James Hartung's 14-year career with the Toledo-Lucas County Port Authority ended last week as board members unanimously agreed to fire the agency president "with cause," but he still hasn't been told why.
Mr. Hartung's attorney yesterday said he was frustrated with the pace information was being provided to him this week.
"I wanted to go over and talk to the attorney about the evidence they used to fire my guy, and they said they are 'putting it together,'•" attorney Kevin Greenfield said. "They said they are getting together the information that went behind [the firing] and they need a little more time to do that, so is this stuff that's being put together to support the decision after the fact?"
The 13-member Toledo-Lucas County Port Authority board of directors fired Mr. Hartung Friday following an investigation of his hiring of a lobbyist with whom he was accused of having an affair.
James R. Jeffery, the port attorney from Spengler Nathanson PLL, a Toledo law firm, did not return calls seeking comment.
Last week, William Carroll, the port board's chairman, said he would not reveal the reasons behind the firing, citing "attorney-client privilege."
He previously promised transparency and that any investigation report would be made public after the inquiry's conclusion. The Blade last week filed a public-records request with the port authority for access to the report prepared for the port directors by Spengler Nathanson but was denied a copy.
Mr. Greenfield said he wanted on either Monday or yesterday to discuss the return of Mr. Hartung's personal property and more importantly, schedule a hearing to appeal the termination. Mr. Hartung's contract entitles him to a hearing and, if he desires, arbitration if severance is to be denied.
"I am just as much in the dark as anyone," Mr. Greenfield said.
The board's specification that Mr. Hartung is being terminated "with cause" is significant because it appears to be a denial of severance compensation to which Mr. Hartung would have been entitled, including about $100,000 to be paid in nine monthly installments and continuing health insurance for that time.
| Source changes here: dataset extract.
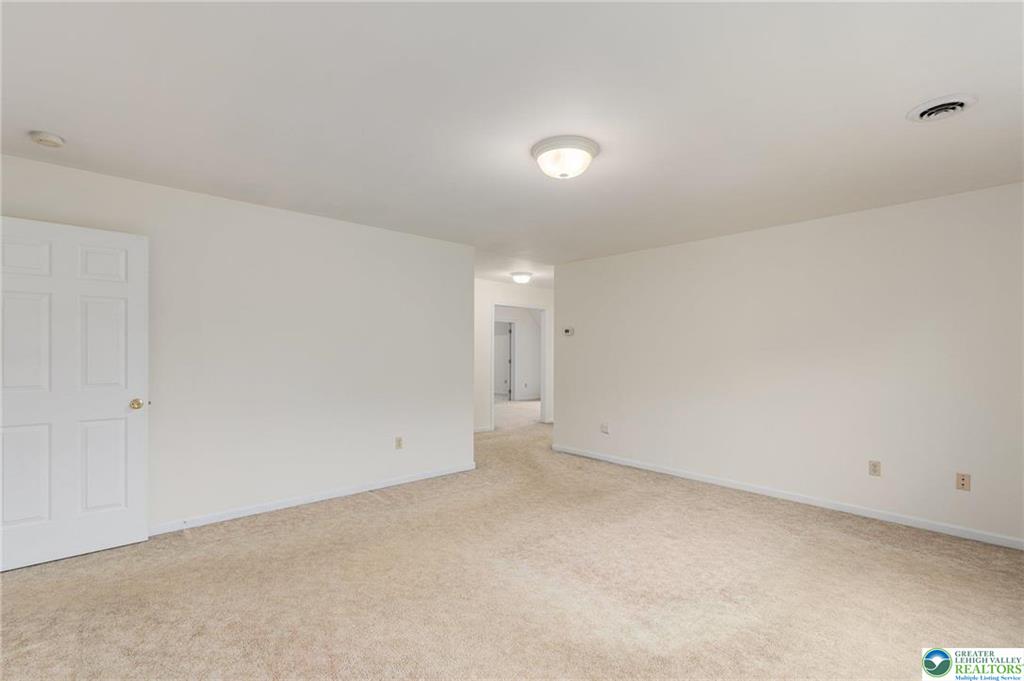 Upper Milford Twp, Pennsylvania 18092, United States, 4 Bedrooms Bedrooms, ,4 BathroomsBathrooms,Residential,Pending,124910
His contract says he may be terminated at will, but requires 60 days' notice "with or without cause." Mr. Hartung will be paid for that time, and receive health coverage.
Mr. Hartung's current salary of $178,165 breaks out to about $14,847 per month, or slightly more than $29,000 for 60 days.
The port authority began an investigation several weeks ago after Toledo Mayor Carty Finkbeiner said in a letter that the port president was having an affair with Kathy Teigland, a West Toledo lobbyist who had worked on behalf of the Northwest Ohio Legislative Consortium.
Mayor Finkbeiner has not seen the Spengler Nathanson investigation report, said his spokesman, Elizabeth Phillips.
The mayor refused this week to answer questions regarding Mr. Hartung.
Mr. Finkbeiner has previously criticized the port's use of Spengler Nathanson and questioned if it could conduct an impartial inquiry of port staff conduct.
The city is continuing with its own investigation of the port. A request by the Finkbeiner administration for public records from the port authority covered documents pertaining not only to Mr. Hartung's conduct, but to the Jan. 18 resignation of James Mettler, the port authority's vice president for new project development who received a $40,000 buyout and six months of health insurance when he left.
Yesterday, Mr. Carroll said the port board details of a search committee for Mr. Hartung's successor will be made public next week.
Paul Toth, Jr., the port authority's vice president of technical and financing services and the former director of airports, was named interim president while a national search for a permanent replacement is conducted.